The Muslims also adore and cherish Kaaba, but only as a Sign of God, never as God Himself.  The former is the highest form of Monotheism, a belief in Transcendent God as outlined in the Sura Hajj and else where in the Holy Quran and the latter would be idolatry, worshiping a stone building.

Epilogue

I also have magical powers and can change water into wine and into grape juice or apple juice, if you like, but, not into blood.  As I am not a violent person.  I believe in non-violence like Jesus, Gandhi and Martin Luther King.

Changing bread into meat, I did only once and as the vegetarians objected, I stopped.

On a more serious note, God of Judaism and Islam is Transcendent, beyond time, space and matter.  The third Commandment in the Ten Commandments is:

You shall not make for yourself a carved image, or any likeness of anything that is in heaven above, or that is in the earth beneath, or that is in the water under the earth. You shall not bow down to them or serve them, for I the LORD your God am a jealous God, visiting the iniquity of the fathers on the children to the third and the fourth generation of those who hate me, but showing steadfast love to thousands of those who love me and keep my commandments. (Exodus 20:4-6)

Is Eucharist a violation of this commandment.  You be the judge!

Islamic teaching is very profound on this issue.  God is always completely Transcendent, beyond time, space and matter and is completely hidden from human eyes.  He may reveal Himself to His Prophets, but, He is never a part of this world.  As that is what is idolatry or Polytheism!  It was to highlight this fundamental idea of Islamic theology that I quoted two verses of the Holy Quran as epigraph and I repeat those here:

He (Allah) is the First and the Last, and the Manifest and the Hidden, and He knows all things full well. (Al Quran 57:4)

Eyes cannot reach Him (Allah) but He reaches the eyes.
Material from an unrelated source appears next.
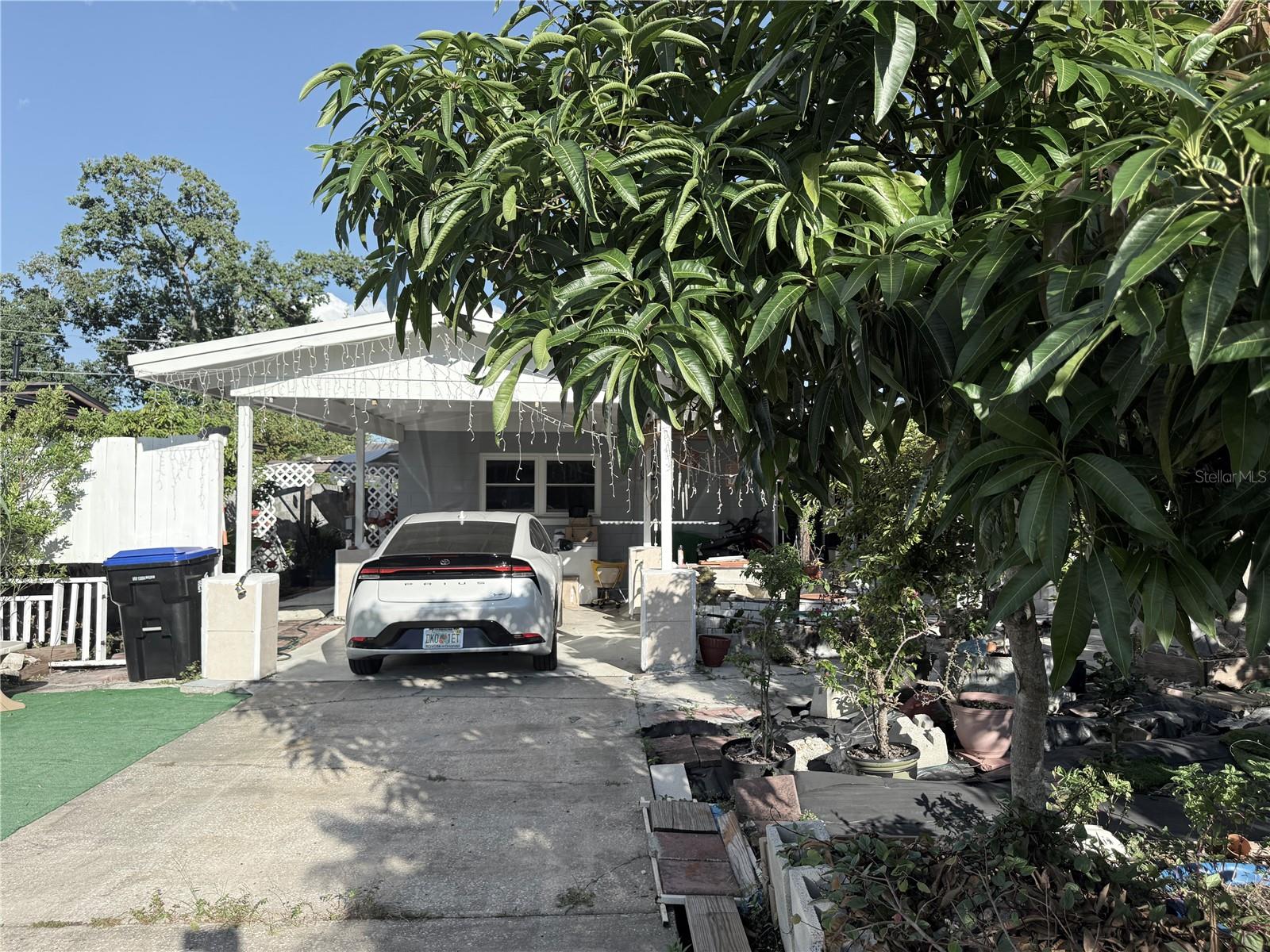 SKY LAKE OAK RIDGE SEC - Residential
And He is the Incomprehensible, the All-Aware. (Al Quran 6:104)

Almost half of the European population is agnostic or atheist and a quarter of Canadian and USA population may fit that description, at least in the younger generations.  They are a very perceptive group on many counts, but, when it comes to condemnation of religions, they paint them with the same brush.

Often they may even side with Christianity against Islam, given their childhood and present family and friends.

This is gross injustice as all religions are not created equal.  Some call a wafer a wafer and believe in conservation of matter and principles of physics and chemistry, like Judaism, Unitarian Christianity and Islam and there is one religion and only one, which argues against chemistry every Sunday.

Some take off their garbs of reason and rationality, when they enter their temples and others do not.

Someday the “agnostics” and “atheists” will make distinctions among religions and not be carried away by their childhood experiences.
Reference
Frederick Charles Copleston.  A History of Philosophy.  Continuum International Publishing Group, 2003.  Page 155.